Om de vergelijkbaarheid van de LFS-gegevens op Europees niveau te verhogen, werd in 2021 een nieuwe vragenlijst geïmplementeerd. Een nieuw Europees kaderreglement (EU-verordening 2019/1700) voorziet voor de Enquête naar de Arbeidskrachten een volledige herziening van de variabelenlijst en een meer uniforme manier van meten van bepaalde essentiële concepten. Dit heeft tot doel de vergelijkbaarheid van de gegevens op Europees niveau te verhogen.

De wijzigingen in vergelijking met de oude vragenlijst zijn divers. Zo werden een aantal variabelen geschrapt omdat ze minder relevant geworden zijn of omdat de informatie beschikbaar is in administratieve bronnen. Andere, nieuwe vragen, werden toegevoegd. Soms werd de volgorde van vragen of de frequentie van bevraging (jaarbasis versus kwartaalbasis) aangepast. In een aantal gevallen werd ook de formulering van een bestaande vraag gewijzigd of werden de antwoordmodaliteiten aangepast, doch er werd getracht dit tot een minimum te beperken. Niettemin maakt dit dat de gegevens van voor 2021 niet steeds vergelijkbaar zijn met de gegevens van 2021 en later.

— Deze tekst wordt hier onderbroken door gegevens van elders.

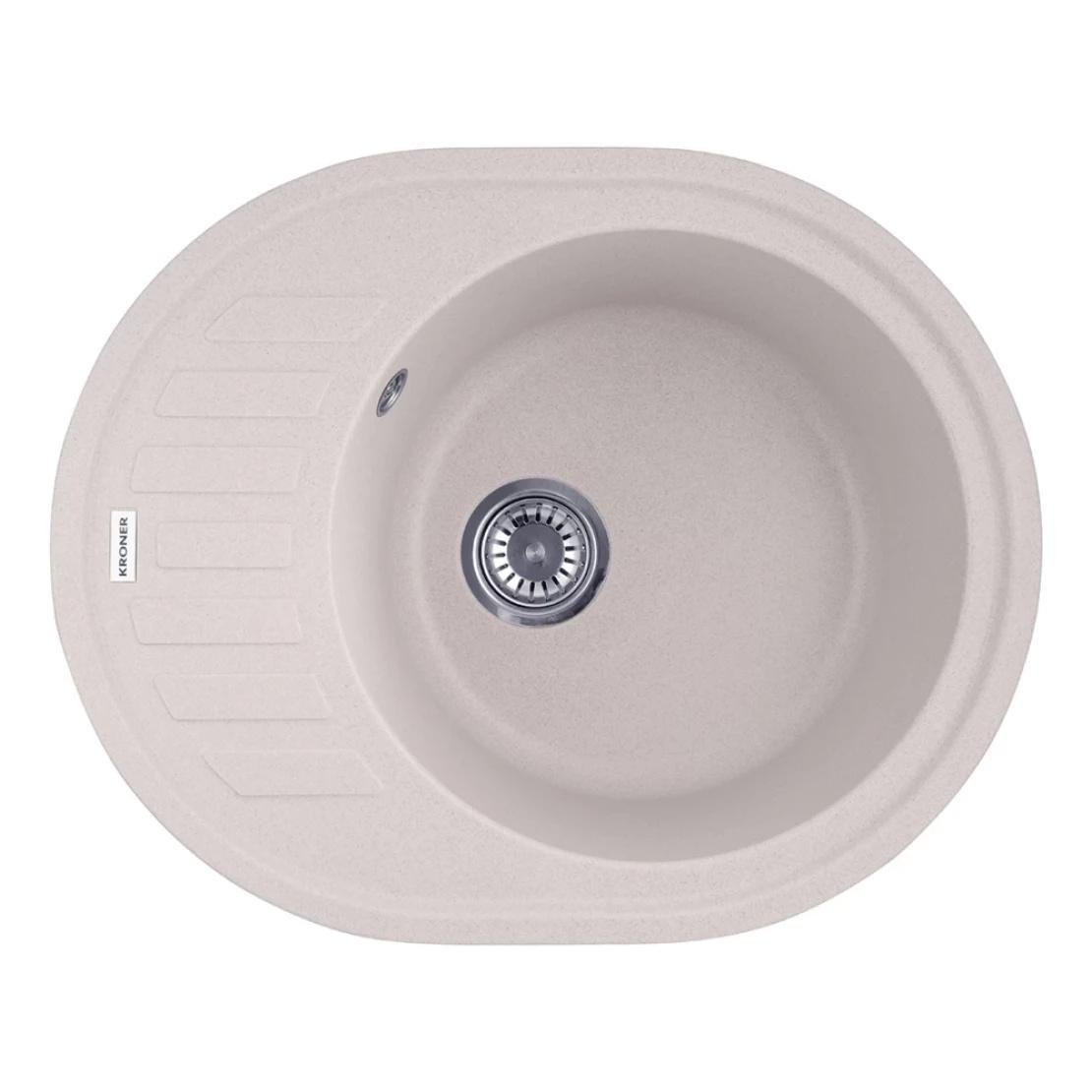 Мийка для кухні врізна Kroner KRP Komposit COL 6250 овальна 620х500 мм Пісочний (CV027414)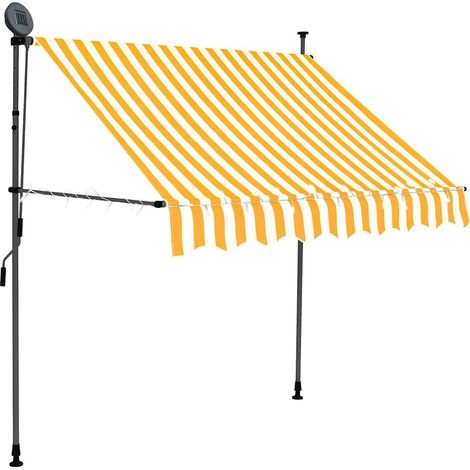 Auvent manuel rétractable avec LED-Store banne 150 cm Blanc et orange (1/5)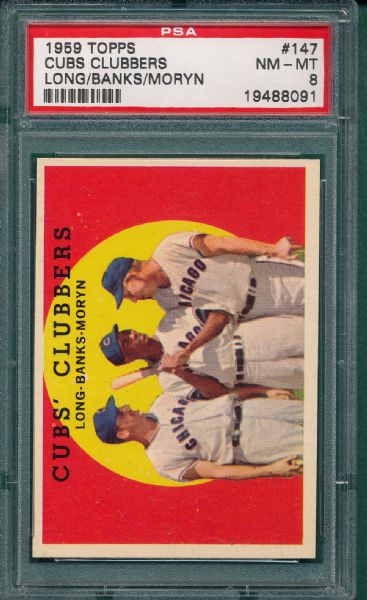 1959 Topps #147 Cubs Clubber W/ Banks PSA 8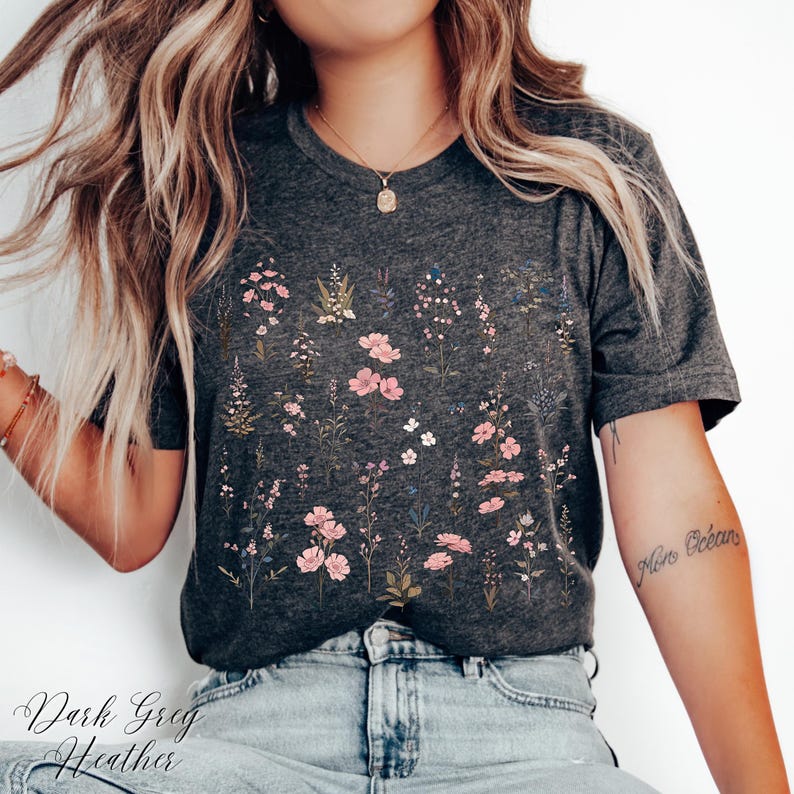 Delicate Wildflower Shirt, Garden Plants Shirt, Botanical Floral Shirt, Boho Flower Shirt, Pink Wild Flower Tshirt, Cottagecore T Shirt image 3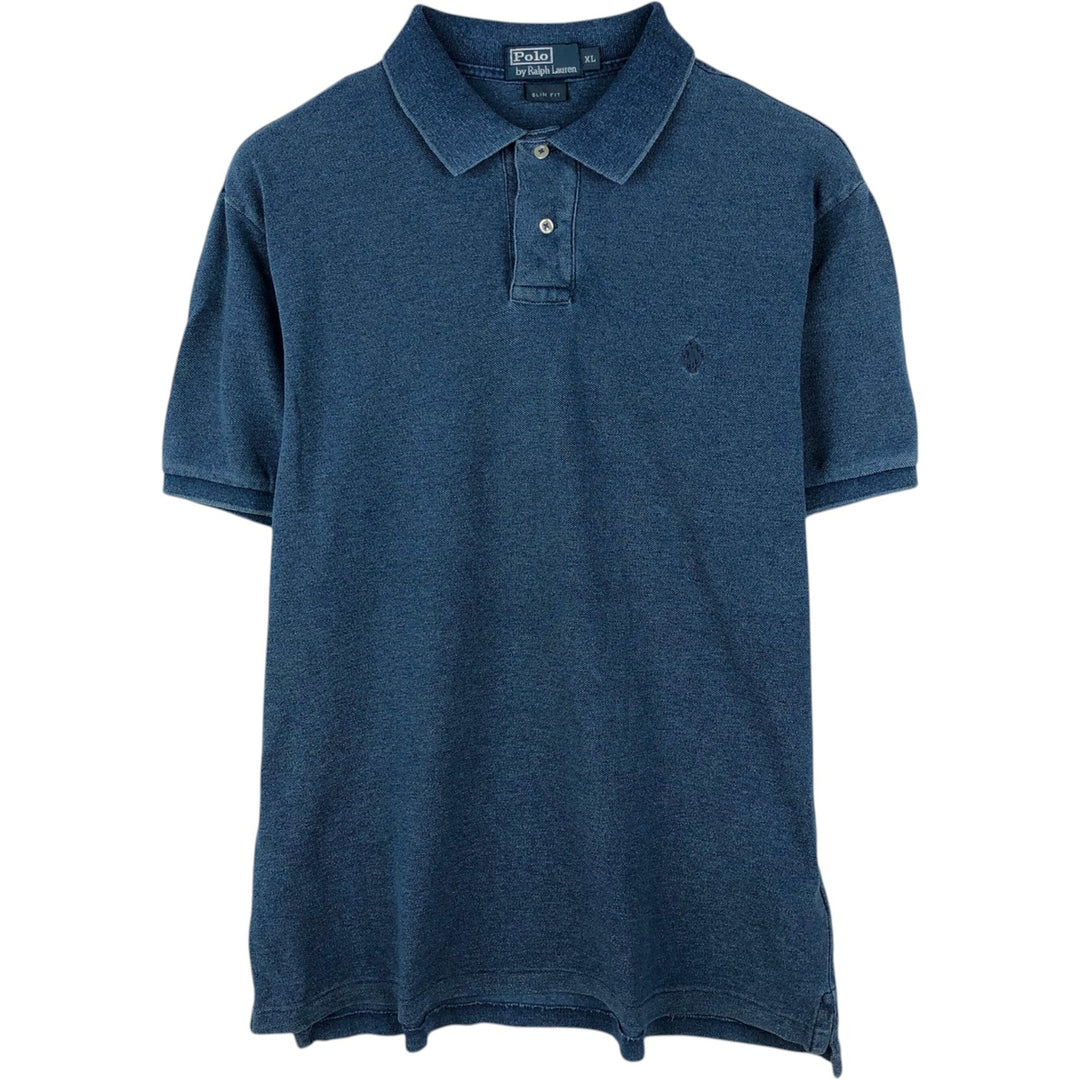 Ralph Lauren POLO by Ralph Lauren SLIM FIT Short-Sleeve Polo Shirt, Men's Size XL (approx.) cotton Navy blue Vintage Second Hand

Een essentieel onderdeel van de nieuwe vragenlijst is de meting van het arbeidsmarktstatuut. Via het nieuwe kaderreglement wordt deze meting in overeenstemming gebracht met de aangepaste operationele definities van werkgelegenheid en werkloosheid van het Internationaal Arbeidsbureau (IAB). Ook voor de meting van de arbeidsduur werden belangrijke wijzigingen doorgevoerd, die opnieuw tot doel hebben om een meer uniforme meting te garanderen tussen de verschillende EU-lidstaten.

In het Vlaamse Gewest werden in de periode 1999-2016 gegevens verzameld van ongeveer 20.000 huishoudens en 50.000 personen (huishoudleden). De responsgraad van de EAK in België lag in die periode tussen 75% en 80%.

Vanaf 2017 namen met de nieuwe methode 15.000 tot 18.000 Vlaamse huishoudens en 35.000 tot 43.000 personen deel. In 2023 ging het om 16.342 huishoudens en 38.055 personen. De responsgraad in het Vlaamse Gewest bedroeg bij de eerste bevraging 67%, bij de tweede bevraging 90%, bij de derde bevraging 94% en bij de vierde bevraging 95%.

Aangezien de gegevens verzameld worden via een steekproef, moet bij de interpretatie van de resultaten van de LFS en EAK rekening worden gehouden met een bepaalde onzekerheidsmarge.

Voor de periode vanaf 1999 moet men rekening houden met een breuk in de tijdreeks tussen 2016 en 2017 en tussen 2020 en 2021.